Epilepsy patients may live longer with specialist care: U of C study
People with the neurological disorder have mortality rates up to three times as high as those without
People with epilepsy who receive care from specialists may be less likely to die prematurely than their counterparts who don't, a University of Calgary study suggests.
For the study, researchers followed more than 23,000 adults with epilepsy for an average of 7.5 years. Overall, the mortality rate during the study was 7.2 per cent — but it ranged from a low of 2.8 per cent for patients seen by neurologists specializing in epilepsy, to 5.6 per cent for patients who saw general neurologists, to a high of 9.4 per cent for people who didn't see neurologists all.

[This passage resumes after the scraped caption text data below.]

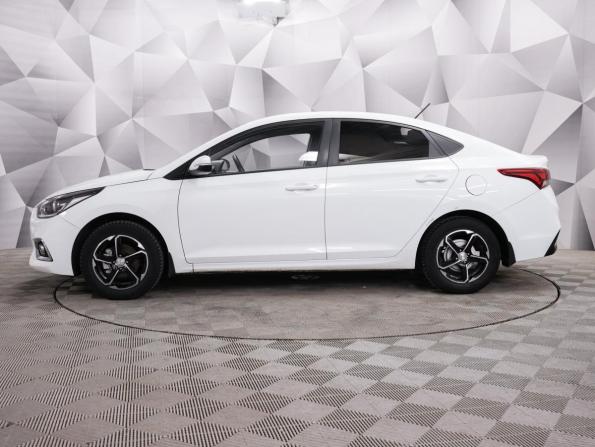Hyundai Solaris II с пробегом 2019 года, цена 1 195 000 рублей, 121000 км, седан, Автокод Объявления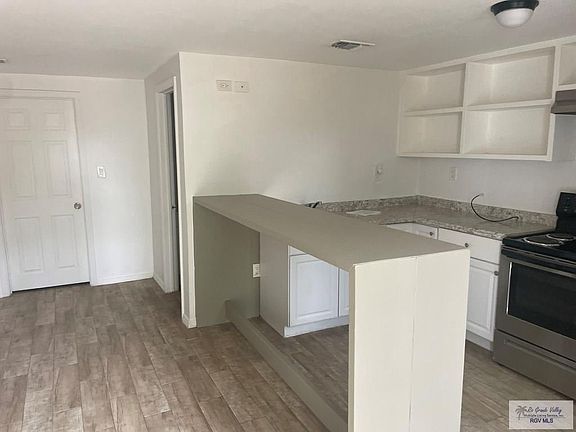 5th image of 834 E St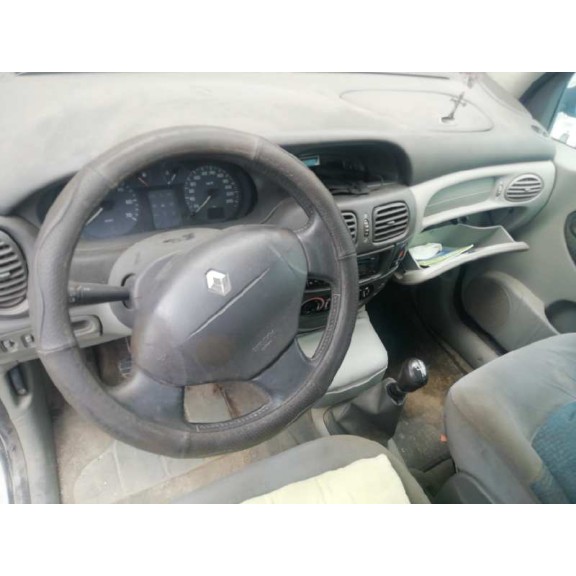 renault scenic (ja..) del año 2002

"Adequate access to specialized care is increasingly recognized as associated with improved outcomes, not only in terms of seizure control and quality of life, but as we have demonstrated in this paper because of the association with decreased mortality," said Mark Lowerison, lead author of the study and a researcher at the Cumming School of Medicine at the University of Calgary.
Deeper knowledge helps care: researcher
"When compared to non-neurologist, or general neurologist care, epilepsy specialists would tend to have deeper knowledge of epilepsy, common epilepsy comorbidities, and epilepsy management practices," Lowerison said by email.
Epilepsy is a seizure disorder that is commonly caused by genetics, brain injuries or a stroke. About two-thirds of patients with epilepsy can control seizures with medicine, and about two-thirds of people who don't get relief from drugs respond to surgical treatment, researchers note in JAMA Neurology.
Despite these treatment options, people with epilepsy have mortality rates up to three times as high as individuals without the neurological disorder, the study team writes.
In the study, people who saw neurologists or neurologists specializing in epilepsy were younger than patients who didn't, and they were also healthier and had less severe symptoms. Patients who saw epilepsy specialists were 43-years-old on average, compared to 48 for people who saw general neurologists and 54 for people who saw non-neurologists.
Patients who saw specialists 51% less likely to die
After accounting for factors that can impact longevity like age, sex, and symptom severity, people who saw epilepsy specialists were 51 per cent less likely to die during the study than patients who saw non-neurologists. And people who saw general neurologists were 15 per cent less likely to die.
The study wasn't designed to prove that patients' doctors directly impacted their survival odds.
Researchers also relied on administrative claims data and records from health registries, so it's possible they lacked data on patient characteristics that might influence survival.
"We speculate that epilepsy specialists would have more experience dealing with patients with epilepsy that is difficult or highly resistant to drugs," Lowerison said. "We also speculate that epilepsy specialists would have more familiarity with all of the avenues of care available."